Second, has geo-economics suddenly 'returned' and did it ever go away? Many today feel the WTO's golden era of free trade has passed and that a worrisome new world of mercantilism and protectionism is upon us. Worse, Harris and Blackwill argue that the US has been napping. 'The constraint on geoeconomics in US foreign policy today is not so much ideological discomfort or bureaucratic paralysis as basic neglect.'

But third, has the US really been so idle? The likes of Cuba and Iran might disagree. Sanctions are among the most potent geo-economic tools and have been used by America with devastating effect. The authors give them little more than a passing mention, like this parenthetical aside on page 138: 'the US has been the principal country imposing sanctions on more than 120 instances over the last century.' Oh, right then.
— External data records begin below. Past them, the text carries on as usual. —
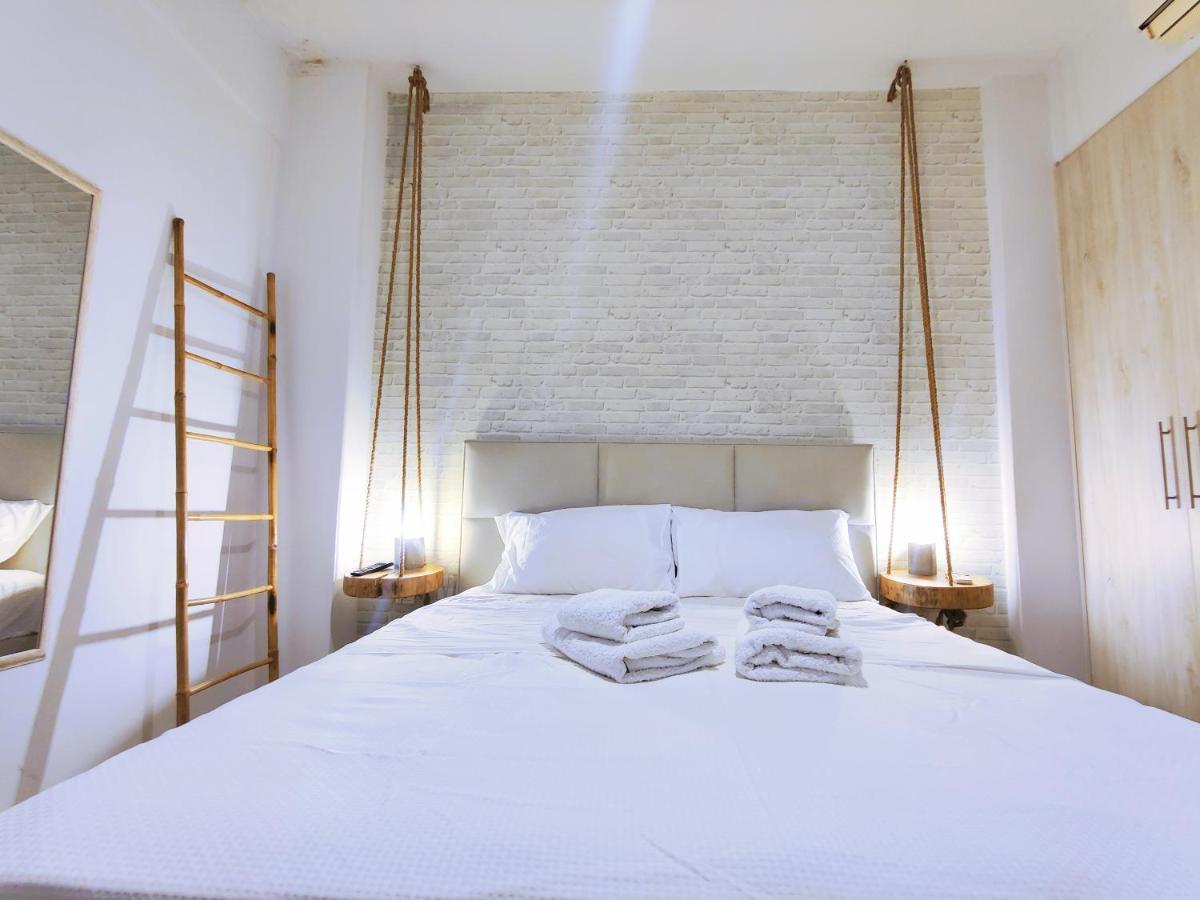 Wsd Luxury Stylish 2Bedroom Apartment With Blacony 1' To Metro 아테네 외부 사진
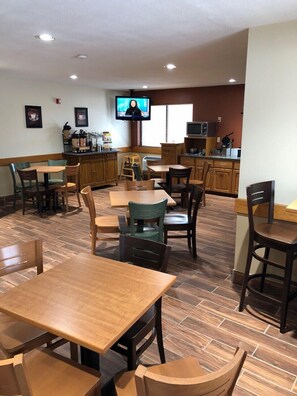 Breakfast area - Americinn by Wyndham Rogers (Rogers)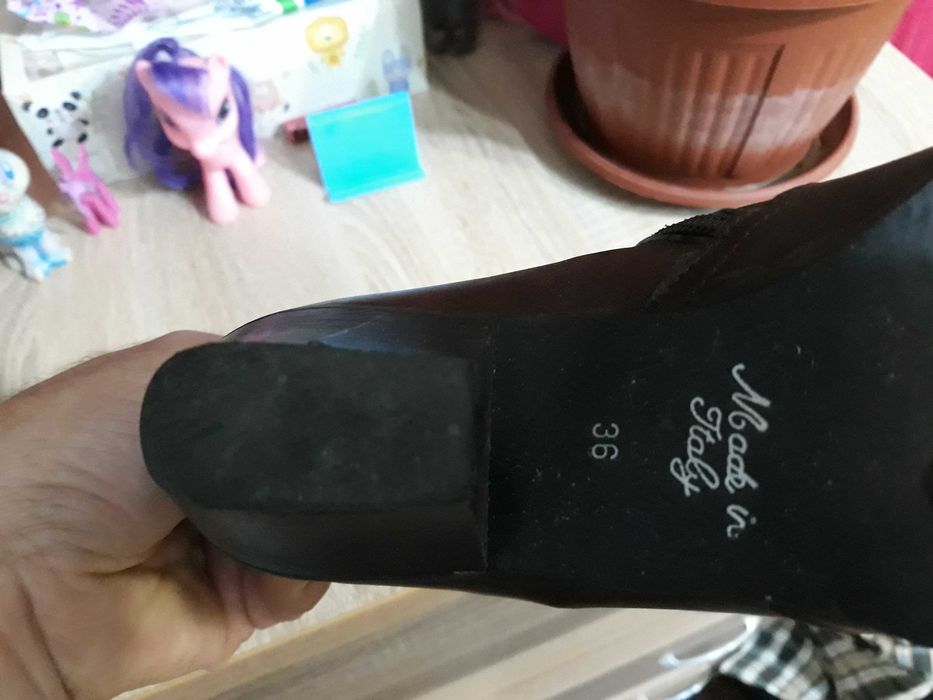 Продам женские сапожки 36 размер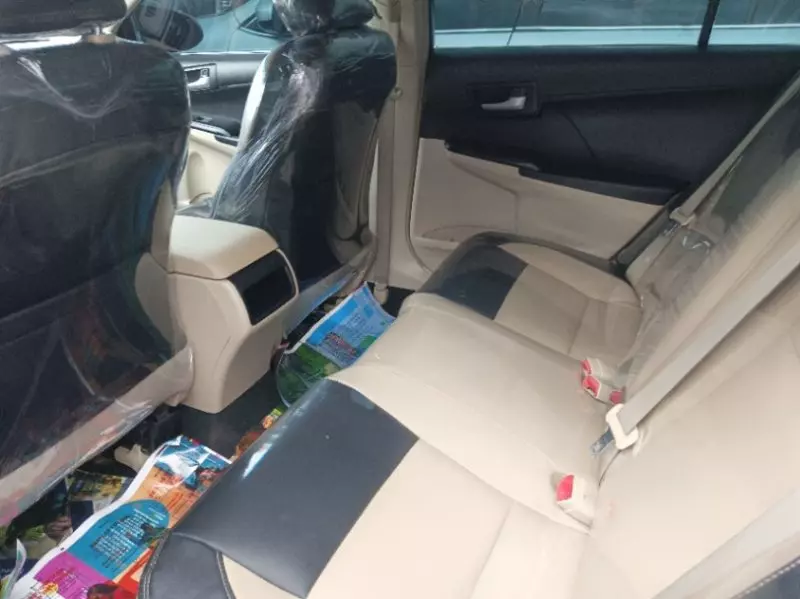 Toyota camry   - 2012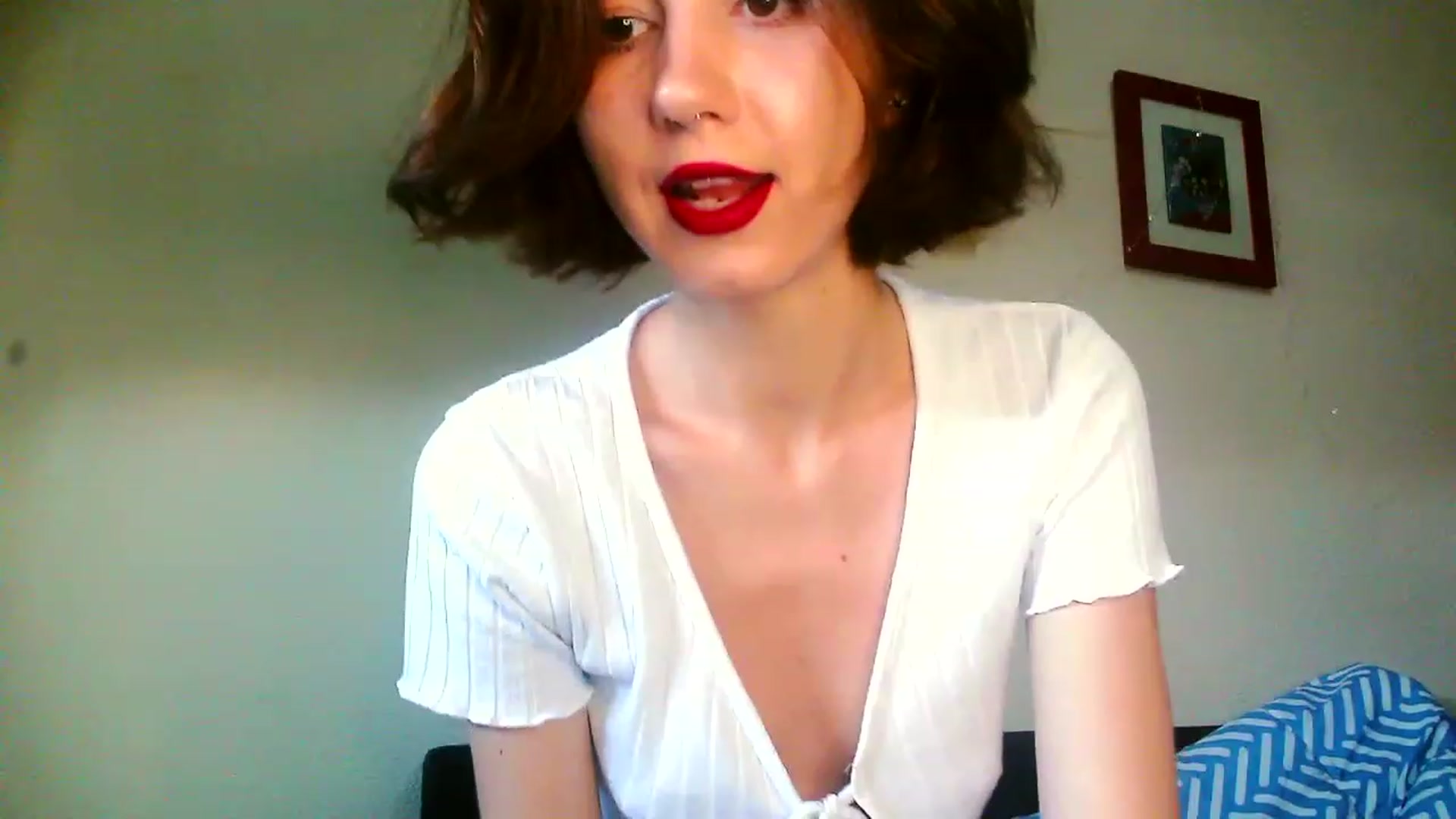 Gallery image thumbnail from XxanaXana's myfreecams stream on, 06/26/2023, 17:00 image 12 of 20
A harder question is whether there are more effective ways to influence others and advance American interests than applying embargoes (where China and Russia unfailingly fill the void anyway). 'Skeptics will argue that straightforward attempts to link economic and geopolitical agendas will result in a race to the bottom. But the alternative cannot be to do nothing.' The US has hardly been doing nothing.

The luminaries who blurb the book are an impressive bunch — Kissinger, Summers, Petraeus — so this topic must be getting attention in DC. The authors are senior scholars and diplomats in the highly influential Council on Foreign Relations. They will have the ear of whomever is president by this time next year. Will America become more selfish and sharp-elbowed over trade and finance, even if it sheaths its military blade? The world watches with trepidation. Another reviewer is puzzled: 'it seems odd that the United States — which has one of the world's most lucrative markets, has vast reserves of capital for investment, controls the world's reserve currency and has done a great deal to set the rules of the global business order — chooses not to use these powers much more effectively.'  Why couldn't the US become more like Russia and China, perhaps, and exploit its own trading system more cynically? To ask that question is to know the answer.